Entscheidungsstichwort (Thema)

Ermittlung eines Teilzeitfaktors für die Berechnung der Betriebsrente nach Wechsel von Vollzeit- in Teilzeitarbeit. Benachteiligung des Teilzeitbeschäftigten bei der Berechnung der Betriebsrente

 

Leitsatz (redaktionell)

1. Hat der Arbeitnehmer die letzten Jahre des Arbeitsverhältnisses in Teilzeit im Umfang von 50 % der Arbeitszeit eines regelmäßig in Vollzeit beschäftigten Mitarbeiters gearbeitet, ist sein pensionsfähiger Arbeitsverdienst nach den Regeln der Versorgungsordnung zu kürzen und ein Teilzeitfaktor zu ermitteln. War der Beschäftigte 258 Monate in Vollzeit und 39 Monate in 50 % Teilzeit beschäftigt, errechnet sich ein Teilzeitfaktor von 277,5:297 = 93,43 %.

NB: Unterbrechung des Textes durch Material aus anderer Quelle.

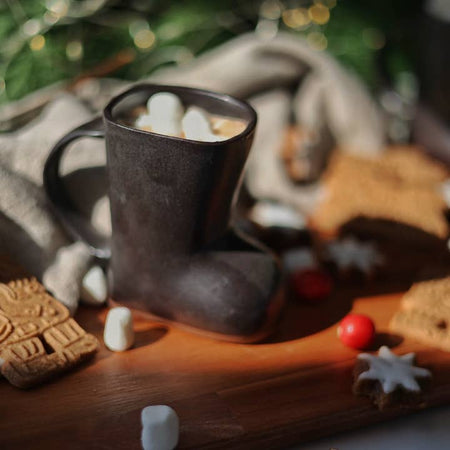 Black mug in the shape and image of a black Santa boot with handle on the left side. 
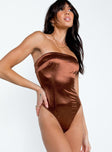 Brown strapless bodysuit Silky material  Inner silicone strip at bust  Invisible zip fastening at back  High cut leg  Cheeky cut bottom  Press clip fastening at base 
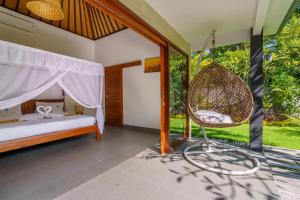 Rúm í herbergi á Coco Garden Pool Villas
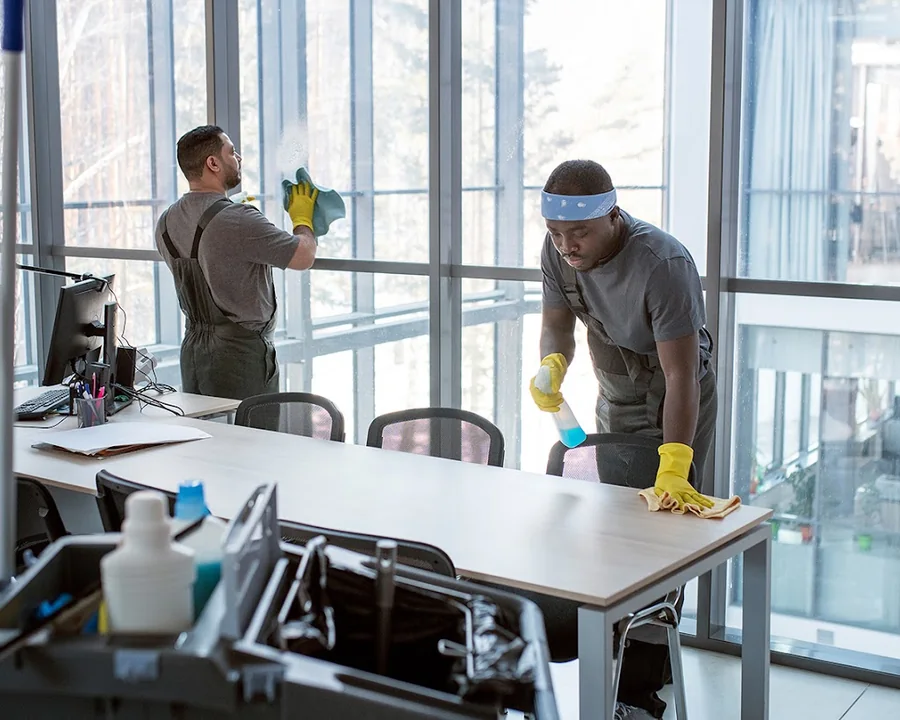 Zwei Reinigungskräfte bei der Unterhaltsreinigung in einem Büro: Schreibtische und Fensterfront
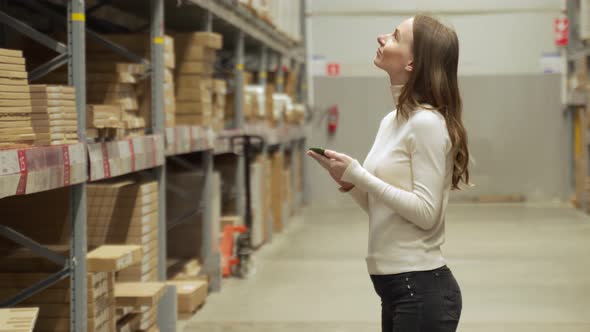 Woman Worker Using Smartphone to Checking Inventory in Warehouse Store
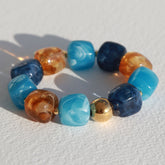 Armband Würfel goldene Kugel blau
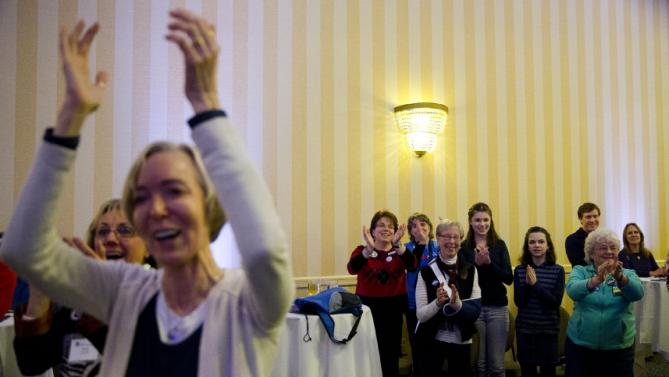 Attendees cheer Democratic presidential candidate Hillary Clinton as she speaks Friday, Jan. 22, 2016, at a NARAL Pro-Choice dinner in Concord, N.H. (AP Photo/Matt Rourke)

2. Sieht die Versorgungsordnung eine Beschränkung bei der Ermittlung des Teilzeitfaktors auf die letzten fünf Jahre der Beschäftigung vor, ist diese Regelung wegen Verstoß gegen § 4 Abs. 1 TzBfG i.V.m. § 134 BGB unwirksam. Denn diese Regelung führt zu derart massiven Ungerechtigkeiten, dass sie mit dem Grundsatz der gleichen Vergütung von Teilzeit- und Vollzeitbeschäftigten nicht zu vereinbaren ist.

 

Normenkette

RL 97/81/EG § 4 Nr. 2; BetrAVG § 1b Abs. 1, § 2 Abs. 1; TzBfG § 4 Abs. 1; BGB § 134; Versorgungsordnung Abschn. III. Nr. 1 Fassung: 1975-12-03, Nr. 2 Fassung: 1975-12-03, Nr. 3 Fassung: 1975-12-03

 

Verfahrensgang

ArbG Lübeck (Entscheidung vom 08.12.2020; Aktenzeichen 3 Ca 1941/20)

 

Tenor

  • I.

    Auf die Berufung der Klägerin und unter Zurückweisung der Berufung der Beklagten wird das Urteil des Arbeitsgerichts Lübeck vom 08.12.2020, Az.: 3 Ca 1941/20 abgeändert und die Beklagte verurteilt,

    1. an die Klägerin rückständige Betriebsrente für die Zeit von Mai 2020 bis Februar 2021 in Höhe von insgesamt 3.240,80 Euro brutto zuzüglich Zinsen in Höhe von 5 Prozentpunkten über dem Basiszinssatz aus 391,94 Euro ab dem 16.07.2020 und aus jeweils 406,98 Euro ab dem 16.08.2020, dem 16.09.2020, ab dem 16.10.2020, dem 16.11.2020, dem 16.12.2020, dem 16.01.2021 und dem 16.02.2021 zu zahlen,
    2. an die Klägerin zukünftig, erstmals am 15.03.2021 eine betriebliche Altersrente in Höhe von 401,98 Euro brutto pro Monat zu zahlen.Im Übrigen wird die Klage abgewiesen.
  • II.

    Die Klägerin trägt 28 %, die Beklagte 72 % der Kosten des arbeitsgerichtlichen Verfahrens. Die Beklagte trägt zudem die Kosten des Berufungsverfahrens.

  • III.

    Die Revision wird zugelassen.

 

Tatbestand

Die Parteien streiten über die Zahlung von betrieblicher Altersrente für die Zeit ab Mai 2020.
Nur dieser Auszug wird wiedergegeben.